Neil said that with interest rates at very low levels the UK Government should avoid cutting public spending and should instead borrow heavily to invest in a recovery strategy.
The Scottish, Welsh and Northern Irish governments should be allowed to borrow directly from the Bank of England in order to do this, he said.
As well as investing heavily in areas such as housing, broadband, transport, science and technology, Neil argued that all four UK governments should “use a slice of their borrowed funds” to boost business resilience and investment.
The former cabinet secretary suggested there is an “urgent need” for tax reform and said that “removing the unfair tax breaks that the wealthier sections of society benefit from should be a central feature of any economic recovery programme”.
Neil said reforms should include imposing a modern version of a capital charge, a form of wealth tax, to tackle the “unhealthy and unfair over-concentration of wealth in the hands of too few people”.
Pension tax reliefs should be reformed, he said, and the triple lock for state pensions should be protected.
Neil said that national insurance contributions are “one of the most unfair taxes in the UK” and are “crying out for fundamental reform”, while he also pushed for council tax and business rates to be replaced by a land value tax.
Neil said: “Another bout of austerity would be even more disastrous than the 10 years of misery inflicted upon us by George Osborne, for which our economy and society is still paying a heavy price.
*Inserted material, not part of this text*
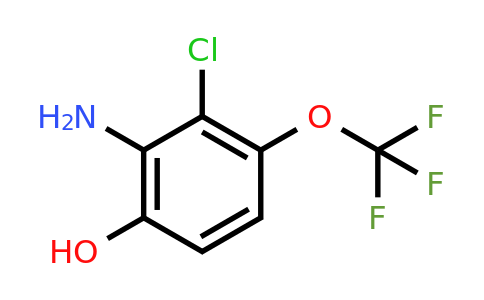 1807213-80-4 | 2-Chloro-6-hydroxy-3-(trifluoromethoxy)aniline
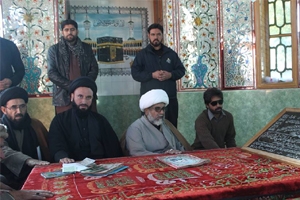 علامہ ناصرعباس جعفری کی شہید قائد گلگت بلتستان علامہ ضیاء الدین کے مرقد پر حاضری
Instead, we need a strategy for growing the economy as fast as humanly possible.
“Already the UK government has had to increase public spending by £124bn more than what was planned in Rishi Sunak’s March budget whilst tax revenues are falling off a cliff because of the lockdown.”
He added: “Not only would all these tax changes make our country fairer, they would also greatly assist our economic recovery.”
Separately, finance secretary Kate Forbes has joined with finance ministers from the Welsh and Northern Irish governments to urge Sunak to ease fiscal rules to allow devolved governments to borrow significantly more.
Sunak is expected to announce £3bn of new investment in green projects as part of a pledge to “kickstart eco-friendly economic recovery” and create jobs in low carbon industries.